The OET is held twice each year, both within Australia and overseas, in March / April and September / October. It can be taken, overseas, at Australian Embassies, High Commissions or Consulates; in Australia in any of the State capital cities and some larger provincial centres. Unlimited attempts at this examination are permitted, but a new fee must be paid for each attempt.
· A Preliminary Examination - multiple-choice question (MCQ) and Short Answer Questions (SAQ), administered over two consecutive days. Examinations are conducted twice each year, in March and September . Unlimited attempts at this examination are permitted, but a new fee must be paid for each attempt. A pass is valid for a period of three years.
It is designed to test knowledge of the science and practice of dentistry and of clinical and technical procedures as they are practised in Australia.
· A Final (clinical) Examination, the general objective of which is to evaluate the clinical competence of the candidate in terms of dental knowledge, clinical skills and professional attitudes for the safe and effective clinical practice of dentistry in the Australian community.
The clinical examination can be taken only in Australia, and
is held over six days. It includes three blocks:
Aspects of all clinical disciplines such as Orthodontics, Oral Medicine, Oral Pathology and Pharmacology are also included where appropriate (practical and / or theoretical and / or Vive Voce). Candidates are examined at the same level as that reached by graduates from Australian universities.
Clinical examinations are conducted twice each year, in July and November. Unlimited attempts at the examinations are permitted, but a new fee must be paid for each attempt. If a supplementary examination is granted, a separate fee is payable for this examination. The final examination must be undertaken within three years of passing the Preliminary Examination.
These examinations (OET, Preliminary and Final) must be taken sequentially. Each fee for the OET, ADC Preliminary and ADC Final Examination allows only one attempt at the examination. Withdrawal from any examination may result in a cancellation fee being charged.
The range of topics covered in the ADC examination is based on the clinical curricula of Australian dental schools with an emphasis on common conditions in the Australian community. The patients used in the clinical examinations are drawn from a similar pool of patients to those used to assess final year dental students.
The ADC has appointed a Committee of Examiners with broad expertise over the full range of disciplines covered in the ADC and dental school examinations to ensure that the format and content of the ADC examinations are consistent with the undergraduate dental courses and the standard of examinations in Australian dental schools.

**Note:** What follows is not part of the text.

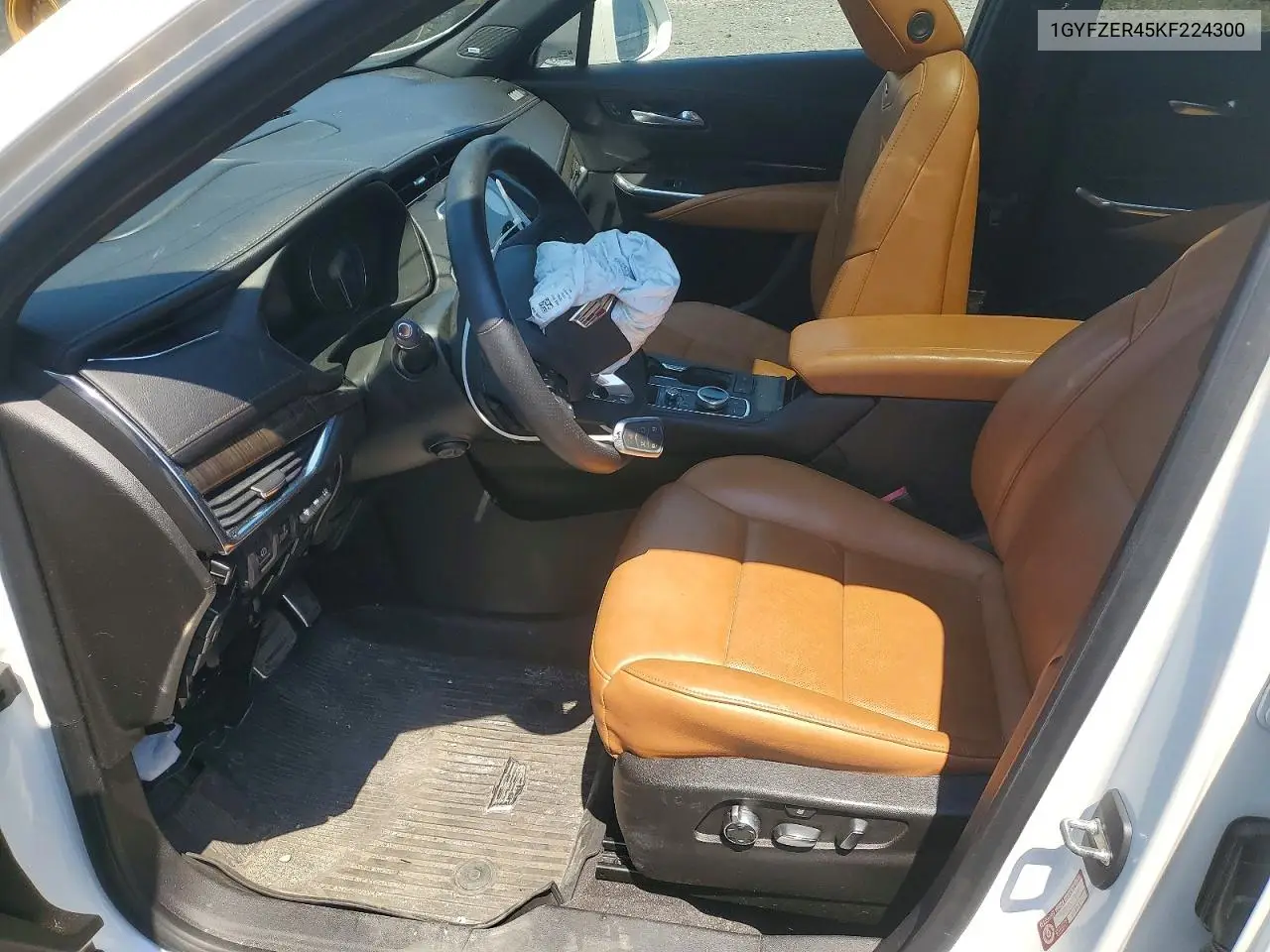 2019 Cadillac Xt4 Sport VIN: 1GYFZER45KF224300 Lot: 54257186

The ADC will consider any concerns and grievances put to it in writing to the Chief Executive Officer. Initiatives include:
· Appeal Procedures
· Supplementary Examinations may be granted where a candidate has a marginal fail grade.
· Clinical Examination
Recognition of Overseas Trained
Approval for specialist dental practice in Australia is the province of the State and Territory Dental Boards.
The Dental Boards and Dental Practice Boards are the designated legal authorities under the relevant legislation to administer registration.
The ADC provides advice to the State and Territory Dental Boards in order to encourage uniform approaches to the registration of dental practitioners.